Hi, thanks for the great writeup! Can you give some overview or color around what they said (if anything) about the 'Side x Side comparison' slide you posted and if the takeaway on that slide was that the ipace technology is superior to the Tesla (given the 1 rating for ipace)? What do the "points" mean?

Also, can you give your thoughts on what the takeaways were in terms of how the various competitors compare? Are any players further ahead, and if so how far ahead, from a tech & cost perspective? Who is #2 and #3? How do Sandy and/or his employees seem to feel about how well the various players are positioned and who will win?

Thanks again!


----------



## bwilson4web (Mar 4, 2019)

manihiki said:


> . . . Can you give some overview or color around what they said (if anything) about the 'Side x Side comparison' slide you posted and if the takeaway on that slide was that the ipace technology is superior to the Tesla (given the 1 rating for ipace)? What do the "points" mean?

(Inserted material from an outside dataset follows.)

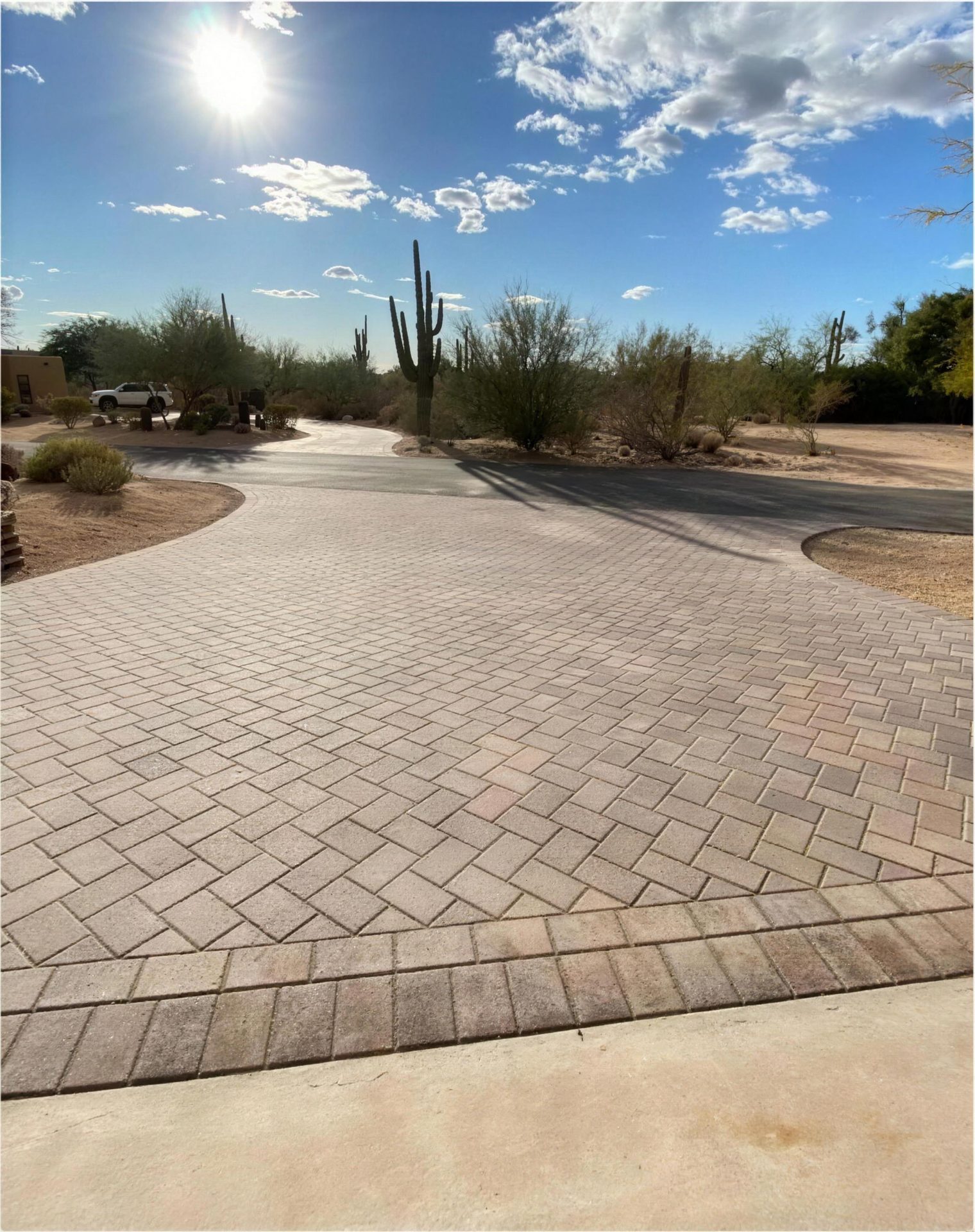 After: herringbone paver driveway with a double border, saguaros behind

My impression was traditional auto engineering meets a spaceship from California. Now Munro is in the manufacturing optimization business with traditional 'war room' and CAD-to-cost software. Yet they were impressed by how many things Tesla did that others often found baffling. Examples are "There are no fuse boxes" "Model 3 lacks a front grill" and "There is no OBD port." Munro recognizes the savings but for many traditionalists, the Model 3 was baffling.

Munro's focus is on manufacturing, not operational performance, so they like the "hairpin" over the "winding laced" stators:








The hairpin stators have a few, large, copper wires that are welded as needed after installation. In contrast, the winding laced stators are actually bent and pressed into the laminations. For manufacturing, hairpin is simpler with less material but laced windings are a mature technology since the 19th century.

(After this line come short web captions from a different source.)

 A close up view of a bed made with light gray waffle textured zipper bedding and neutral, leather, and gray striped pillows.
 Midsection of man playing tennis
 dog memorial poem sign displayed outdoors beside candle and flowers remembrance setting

As for the I-Pace, the Munro technologists showing that one were disappointing. For example, I asked about that silly vent in the front grill that flows front air into a wedge duct on the hood and exhausts out the top of the hood. There is no heat exchanger in the flow. When I asked, the technologists tried to claim it was for pedestrian-accident mitigation. Since he didn't work for me, it was not my place to educate him.


manihiki said:


> Also, can you give your thoughts on what the takeaways were in terms of how the various competitors compare? Are any players further ahead, and if so how far ahead, from a tech & cost perspective? Who is #2 and #3? How do Sandy and/or his employees seem to feel about how well the various players are positioned and who will win?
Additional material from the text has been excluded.